TRIBUNAL DE JUSTIÇA DO ESTADO DO PIAUÍ
ÓRGÃO JULGADOR : 1ª Câmara de Direito Público
APELAÇÃO / REMESSA NECESSÁRIA (1728) No 0004317-48.2015.8.18.0031
APELANTE: EDIVALDES SEVERIANO GOMES
Advogado(s) do reclamante: JOSE CICERO FERREIRA FILHO
APELADO: DEPARTAMENTO ESTADUAL DE TRANSITO, ESTADO DO PIAUI
REPRESENTANTE: DEPARTAMENTO ESTADUAL DE TRANSITO, ESTADO DO PIAUI
RELATOR(A): Desembargador ADERSON ANTONIO BRITO NOGUEIRA
EMENTA
APELAÇÃO CÍVEL. DETRAN. FALHA NA PRESTAÇÃO DO SERVIÇO. NÃO RETIDA DE RESTRIÇÃO. DEVER DE INDENIZAR.

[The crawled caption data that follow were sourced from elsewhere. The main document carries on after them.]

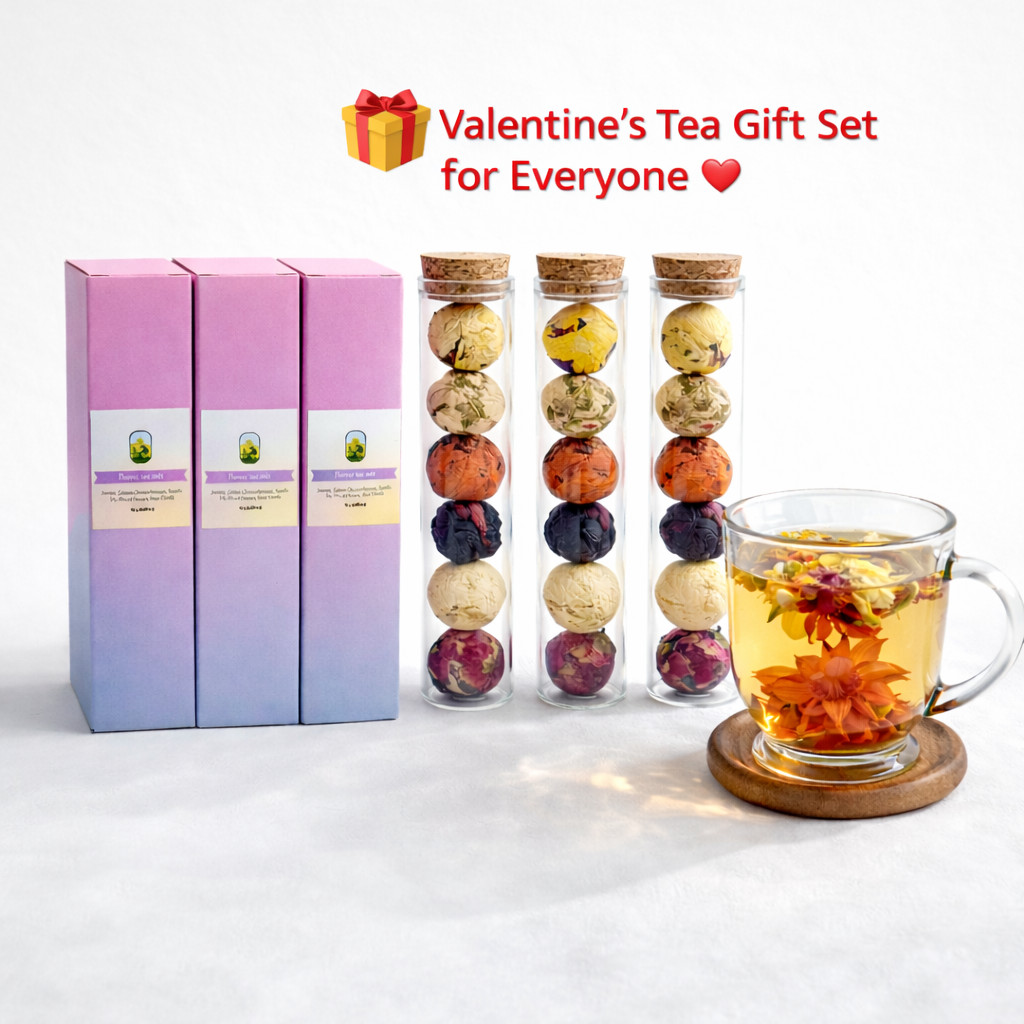 Blooming Flower Tea Balls 6pcs 18g Handmade Floral Herbal Gift Tube Artisan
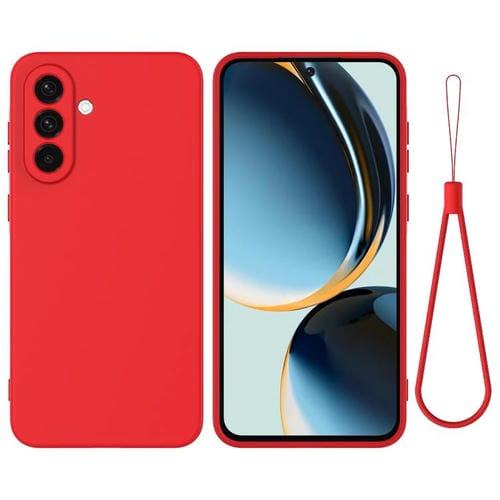 Funda de silicona líquida de color sólido para Samsung Galaxy M36 5G, a prueba de caídas y cobertura total (roja)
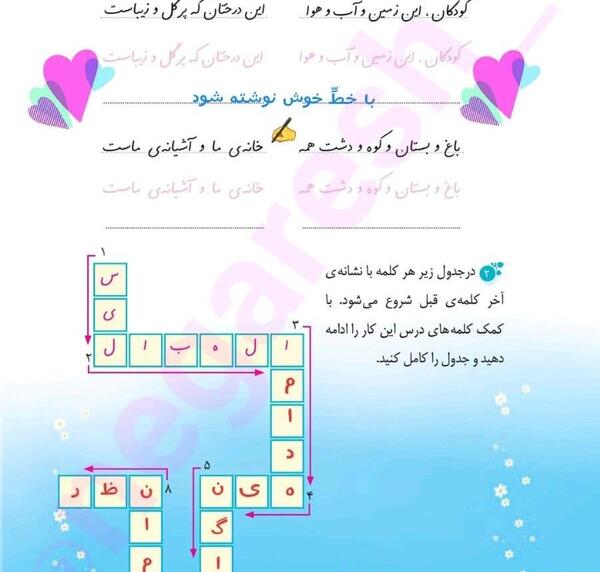 عکس کتاب نگارش چهارم دبستان با جواب
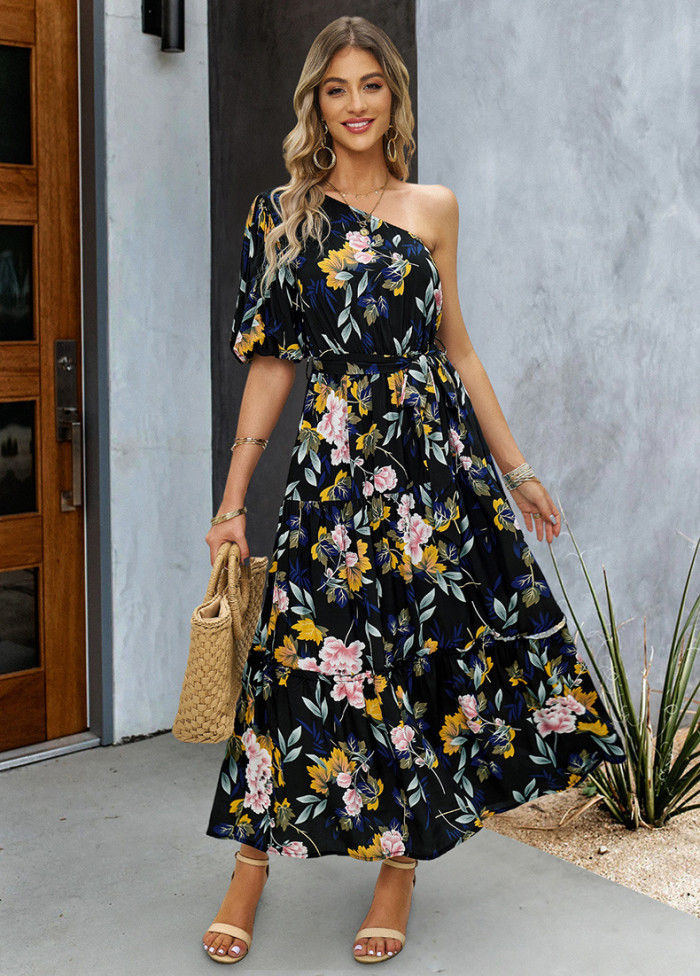 Women's Print Elegant Shoulder Vacation Dress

1. Tem-se, no caso, a hipótese de responsabilidade objetiva do poder público em virtude de dano decorrente de sua atividade administrativa.
2. Diversamente do que alega o apelante, ficou devidamente comprovado nos autos a falha do serviço prestado pela autarquia estadual e consequentemente o dano. É evidente o dever de indenizar da Autarquia Estadual, por ser manifesta sua falha e mau funcionamento dos serviços prestados, eis que deixou de efetivar a baixa na restrição solicitada pelo IBAMA, situação essa que é suficiente para caracterizar grave abalo da dignidade, do bem-estar e do sossego, já que utilizava o caminhão para realizar fretes.
3. Recurso improvido.
RELATÓRIO
APELAÇÃO / REMESSA NECESSÁRIA (1728) -0004317-48.2015.8.18.0031
Origem:
APELANTE: EDIVALDES SEVERIANO GOMES
Advogado do(a) APELANTE: JOSE CICERO FERREIRA FILHO - PI6858-A
APELADO: DEPARTAMENTO ESTADUAL DE TRANSITO, ESTADO DO PIAUI
REPRESENTANTE: DEPARTAMENTO ESTADUAL DE TRANSITO, ESTADO DO PIAUI
RELATOR(A): Desembargador ADERSON ANTONIO BRITO NOGUEIRA
RELATÓRIO
Vistos etc.
Trata-se de Apelação Cível/Remessa Necessária (ID 3339541) opostos pelo DEPARTAMENTO DE TRÂNSITO DO ESTADO DO PIAUÍ, em face de sentença proferida pelo juízo da 4ª Vara Cível da Comarca de Parnaíba-PI que julgou parcialmente procedente a Ação de Obrigação de Fazer ajuizado por EDIVALDES SEVERINO GOMES.
Em suas razões (id 3339541) o apelante requer a reforma da sentença alegando a inexistência de ato ilícito e dano a ser reparado.
O apelado apresentou contrarrazões pleiteando o improvimento do recurso de apelação (id 3339548).
Decisão de juízo positivo acerca da admissibilidade do recurso (id 3458054).
O Ministério Público apresentou parecer aduzindo ser desnecessária a sua intervenção.
É o relatório. Determino a inclusão do feito em pauta virtual.
Teresina-PI, 25 de abril de 2022.
Desembargador ADERSON ANTONIO BRITO NOGUEIRA
VOTO
VOTO
I. JUÍZO DE ADMISSIBILIDADE
Presentes os pressupostos gerais de admissibilidade recursal e, cumpridos os requisitos estabelecidos pelo artigo 1.010 e seguintes do Código de Processo Civil, CONHEÇO da Apelação interposta.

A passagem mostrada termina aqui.